相変わらずあまり外を出歩くわけにもいかない…というか出歩きたくない状況なので、日記と言っても部屋のなかで起きたことくらいしか書くことがないのですが、ここ数日のあれこれ。

確定申告を倒した

早いもので、通算10回目のe-Taxでの青色申告を終えました。毎年少しずつ便利になっていく。今年は何と言ってもスマホを介してマイナンバーカードの読み取りができるようになった点が大きく変わった。去年までは、ICカードリーダーライターという3,000円くらいのUSB接続の読み取り機器(上写真)をなぜか自前で用意する必要があったのだ…! その前はブラウザーにはInternet Explorerしか使えなかったし、マイナンバーカード以前は専用の電子証明書を数年ごとに役所に発行してもらうとかいう石器時代だった。ようやく鉄器か青銅器が発明されたくらいには便利になったという感じです。
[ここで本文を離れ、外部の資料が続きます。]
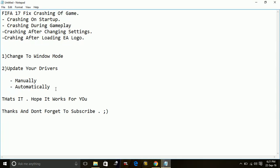That's it for this problem. These are the two possible workarounds for the crashing issues for the game FIFA 17. Hope it works for you. If this works, please hit the like button below and don't forget to subscribe for more videos. Thank you and have a nice day.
とはいえまあ、e-Tax自体は流れさえ分かっていれば難しいことはなくて、会計ソフトで出力できる決算書と貸借対照表の数字を、同じフォーマットの画面に書き写すだけなので、すぐ終わるのです。その前の経費の入力や帳簿の整理が面倒くさいだけなので…。これはもう毎年、心を無にして、好きな音楽でもかけながらポチポチと入力作業をするしかない。やれば終わる。

しかし、10年やってるけどいまだにこれで合ってるのかよく分からないから、別に誰かに教えられるわけでもないという。税務署に怒られたことがないだけで、ああたぶん今年も大丈夫だったんだろうな、みたいな。同業者では税理士さんに丸投げしている人も多いみたいだけど、うちくらいの事業規模では全然必要性を感じないのですよね。この時期だけ頑張って会計ソフトと戦えばいいんじゃんと思っている。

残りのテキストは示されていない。